As is common in the cases of large deep neural networks, the choices of the architecture and hyperparameters of the CVAE and CNN are made heuristically by trial and error. The best performance of the CVAE was obtained by means of the following training options of the custom training loop: a minibatch size equal to 220, a number of epochs equal to 1000, a global learning rate of 10⁻³, a gradient decay factor of 0.9, and a squared gradient decay factor of 0.99. While for the CNN, the following values were found: a minibatch size equal to 32, a number of epochs equal to 800, an initial learning rate of 10⁻⁴, a learning rate drop factor of 0.9, and a learning rate drop period of 20. The method utilized for both the CVAE and the CNN training was Adaptive Moment Estimation (ADAM).

Following an 8 h training of the CVAE and 1 h training of the CNN, the results obtained for both the reconstruction and source identification are reported in Table 4: the mean percentage error for reconstructing the entire field map hovers around 4%, while identifying the 10 radii incurs an approximately 3% error. It is important to highlight again that the CNN receives as input the reconstructed field map.

4.2. Approach 2: Encoder + ANN

The encoder is the one described in Table 1, while the ANN is a fully connected network with two hidden sigmoidal layers of size 10. The time employed to train the CVAE is the same as before (even though the decoder is not used during the prediction phase in Approach 2), while the time needed to train the ANN was 10 min, using an early stop criterion based on the performance on a validation set. The results relative to the errors during the radius identification are reported in Table 5, showing a performance around a 2% MAPE, while the performances for the field reconstruction are, of course, not available.
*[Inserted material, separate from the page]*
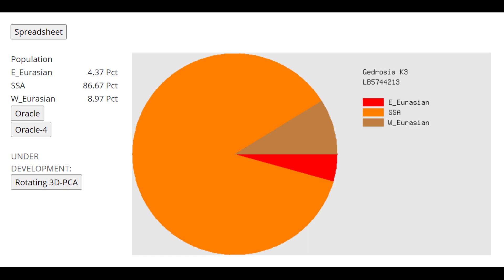With Gedrosia K3, he also scores mostly sub-Saharan African but does have some affinities towards West Eurasians. Thanks for watching — you can download his genome in 23andMe format from the link in the description. Goodbye.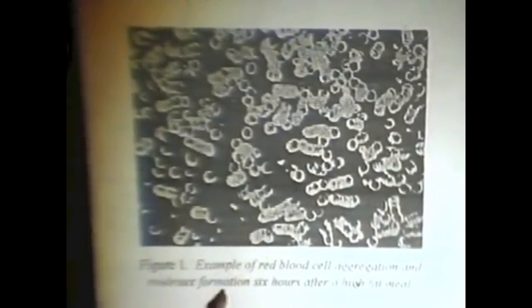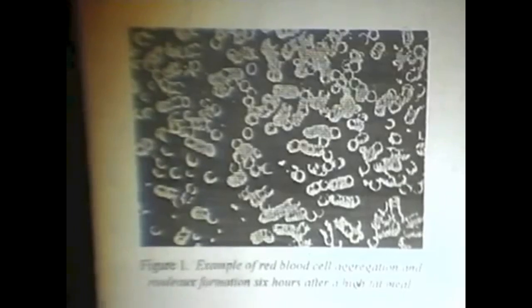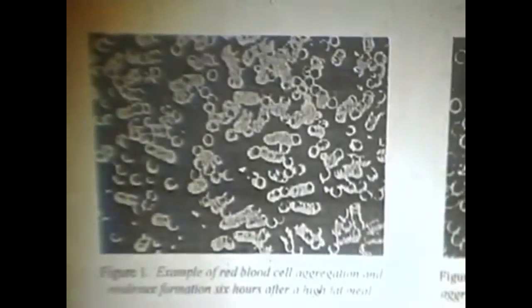This is the red blood cell aggregation and Rouleau formation six hours after a high-fat meal. What happens — the red blood cells all congregate and form these Rouleaus, they're like penny rolls. They form Rouleaus and you can see that two things happen. First of all, their surface is not as great, therefore they can't carry as much oxygen.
The scatter plot shown in Figure 7 shows that in this approach, the true geometry was “missed” only three times.

4.3. Approach 3: CNN

The CNN architecture is shown in Table 6, and it was directly trained on the field data in the subdomain Ω₀. It is worth it to note that the CNN architecture chosen for solving this problem is the same as the one used in Approach 1, but in order to achieve a better performance, in this CNN, the dropout probability was increased to 30%.

The best performance of the CNN was obtained with the following training options: a minibatch size equal to 64, a number of epochs equal to 1500, an initial learning rate of 10⁻⁴, a learning rate drop factor of 0.9, and a learning rate drop period of 20. The ADAM method was utilized for the CNN training; the resulting training time was 1 h.

The results relative to the errors during the radius identification are reported in Table 7, showing a MAPE performance between 2.5% and 3.5%; the performances for the field reconstruction are, of course, not present. The scatter plot shown in Figure 8 demonstrates that in this approach, the true geometry was “missed” several times in cases of geometry with large radii, i.e., far from the subdomain from which the image was provided as input to the CNN.

5. Discussion and Conclusions

In the context of deep learning, the so called “hold out” was the most common approach for validation, which consists of splitting the dataset into training and test sets and using the test data to compare and to assess the generalization capabilities of the models. In our case, the dataset was split into 75–25% training and testing, respectively. All performance results presented refer to the test errors. Regarding the selection of the hyper-parameters, due to the complexity of the deep learning models, a commonly used trial-and-error heuristic approach was adopted.

The training of the CVAE was performed using GPU computing, in particular, on an NVIDIA Quadro 4000 RTX, while the other neural networks were trained using parallel computing on a CPU, in particular, an AMD Zen 3 with 16 cores (32 threads). The software environment used was MATLAB 2022.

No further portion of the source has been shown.